**STUDY MATERIAL**
--- --- ---

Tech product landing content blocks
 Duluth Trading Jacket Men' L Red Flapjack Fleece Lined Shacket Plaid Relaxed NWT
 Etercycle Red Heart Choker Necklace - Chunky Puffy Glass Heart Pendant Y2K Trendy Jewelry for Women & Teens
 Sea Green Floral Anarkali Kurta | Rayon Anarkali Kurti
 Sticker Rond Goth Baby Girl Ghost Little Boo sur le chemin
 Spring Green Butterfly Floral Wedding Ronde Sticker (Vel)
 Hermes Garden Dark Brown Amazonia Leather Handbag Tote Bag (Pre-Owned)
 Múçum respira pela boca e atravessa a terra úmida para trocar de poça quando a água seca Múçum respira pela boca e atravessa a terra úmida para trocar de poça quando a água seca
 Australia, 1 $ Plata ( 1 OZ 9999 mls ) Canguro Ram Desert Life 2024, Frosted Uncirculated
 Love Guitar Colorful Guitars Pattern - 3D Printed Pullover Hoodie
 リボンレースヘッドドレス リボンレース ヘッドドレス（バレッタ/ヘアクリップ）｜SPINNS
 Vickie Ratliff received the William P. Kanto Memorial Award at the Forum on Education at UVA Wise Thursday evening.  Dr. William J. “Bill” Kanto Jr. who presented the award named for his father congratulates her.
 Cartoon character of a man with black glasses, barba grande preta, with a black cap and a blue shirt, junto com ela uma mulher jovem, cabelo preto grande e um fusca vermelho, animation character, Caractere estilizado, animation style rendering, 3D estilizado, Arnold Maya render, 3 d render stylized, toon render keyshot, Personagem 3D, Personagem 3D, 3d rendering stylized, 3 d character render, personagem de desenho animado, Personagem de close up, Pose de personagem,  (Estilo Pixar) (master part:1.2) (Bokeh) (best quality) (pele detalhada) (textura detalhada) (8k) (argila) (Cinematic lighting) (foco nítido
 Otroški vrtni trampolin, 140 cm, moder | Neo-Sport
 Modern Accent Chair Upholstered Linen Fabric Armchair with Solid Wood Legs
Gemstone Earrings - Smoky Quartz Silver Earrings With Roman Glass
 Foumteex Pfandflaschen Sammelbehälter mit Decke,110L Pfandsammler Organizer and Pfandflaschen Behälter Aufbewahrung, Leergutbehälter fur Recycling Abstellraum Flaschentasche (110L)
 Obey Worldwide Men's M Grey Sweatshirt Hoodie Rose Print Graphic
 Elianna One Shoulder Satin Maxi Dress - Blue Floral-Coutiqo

--- --- ---

**ACTIVITY**
Your answer must be an exact copy of all the entries.

**WRITTEN RESPONSE**
Tech product landing content blocks
 Duluth Trading Jacket Men' L Red Flapjack Fleece Lined Shacket Plaid Relaxed NWT
 Etercycle Red Heart Choker Necklace - Chunky Puffy Glass Heart Pendant Y2K Trendy Jewelry for Women & Teens
 Sea Green Floral Anarkali Kurta | Rayon Anarkali Kurti
 Sticker Rond Goth Baby Girl Ghost Little Boo sur le chemin
 Spring Green Butterfly Floral Wedding Ronde Sticker (Vel)
 Hermes Garden Dark Brown Amazonia Leather Handbag Tote Bag (Pre-Owned)
 Múçum respira pela boca e atravessa a terra úmida para trocar de poça quando a água seca Múçum respira pela boca e atravessa a terra úmida para trocar de poça quando a água seca
 Australia, 1 $ Plata ( 1 OZ 9999 mls ) Canguro Ram Desert Life 2024, Frosted Uncirculated
 Love Guitar Colorful Guitars Pattern - 3D Printed Pullover Hoodie
 リボンレースヘッドドレス リボンレース ヘッドドレス（バレッタ/ヘアクリップ）｜SPINNS
 Vickie Ratliff received the William P. Kanto Memorial Award at the Forum on Education at UVA Wise Thursday evening.  Dr. William J. “Bill” Kanto Jr. who presented the award named for his father congratulates her.
 Cartoon character of a man with black glasses, barba grande preta, with a black cap and a blue shirt, junto com ela uma mulher jovem, cabelo preto grande e um fusca vermelho, animation character, Caractere estilizado, animation style rendering, 3D estilizado, Arnold Maya render, 3 d render stylized, toon render keyshot, Personagem 3D, Personagem 3D, 3d rendering stylized, 3 d character render, personagem de desenho animado, Personagem de close up, Pose de personagem,  (Estilo Pixar) (master part:1.2) (Bokeh) (best quality) (pele detalhada) (textura detalhada) (8k) (argila) (Cinematic lighting) (foco nítido
 Otroški vrtni trampolin, 140 cm, moder | Neo-Sport
 Modern Accent Chair Upholstered Linen Fabric Armchair with Solid Wood Legs
Gemstone Earrings - Smoky Quartz Silver Earrings With Roman Glass
 Foumteex Pfandflaschen Sammelbehälter mit Decke,110L Pfandsammler Organizer and Pfandflaschen Behälter Aufbewahrung, Leergutbehälter fur Recycling Abstellraum Flaschentasche (110L)
 Obey Worldwide Men's M Grey Sweatshirt Hoodie Rose Print Graphic
 Elianna One Shoulder Satin Maxi Dress - Blue Floral-Coutiqo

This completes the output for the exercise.